• _EXERCISE_
Faithfully repeat each entry below, minus the pictures.

[Scraped caption text data]
· · · ·
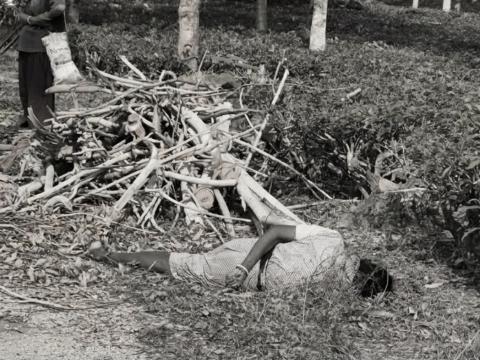 अत्याधिक गर्मीका कारण झापामा एक जनाको मृत्यु 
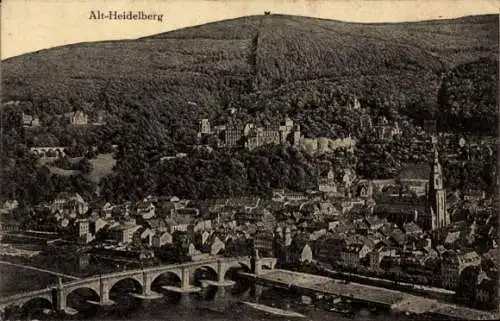 Ak Heidelberg am Neckar, Alt-Heidelberg, Totalansicht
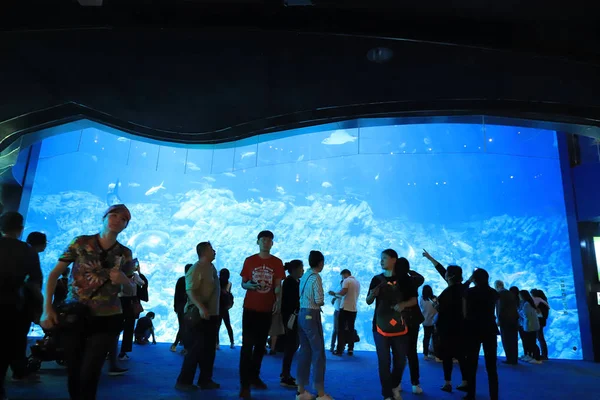 Menschen Besuchen Das Große Aquarium Freizeitpark — Stockfoto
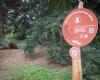 “zone tranquille” installate nel parco Parilly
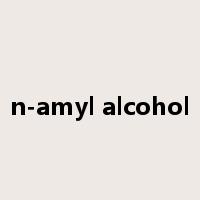 n-amyl alcohol是什么意思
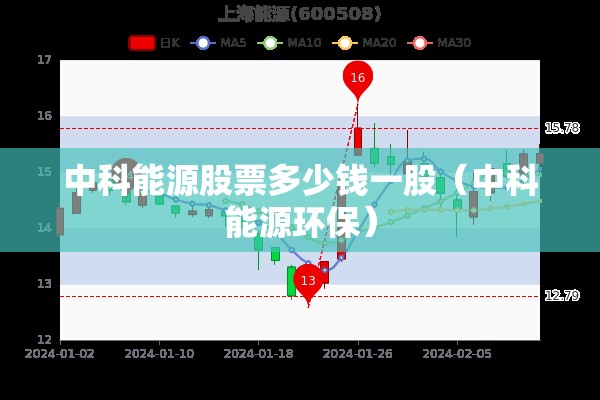 中科能源股票多少钱一股（中科能源环保）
· · · ·
• _ANSWER AREA_
 अत्याधिक गर्मीका कारण झापामा एक जनाको मृत्यु 
 Ak Heidelberg am Neckar, Alt-Heidelberg, Totalansicht
 Menschen Besuchen Das Große Aquarium Freizeitpark — Stockfoto
 “zone tranquille” installate nel parco Parilly
 n-amyl alcohol是什么意思
 中科能源股票多少钱一股（中科能源环保）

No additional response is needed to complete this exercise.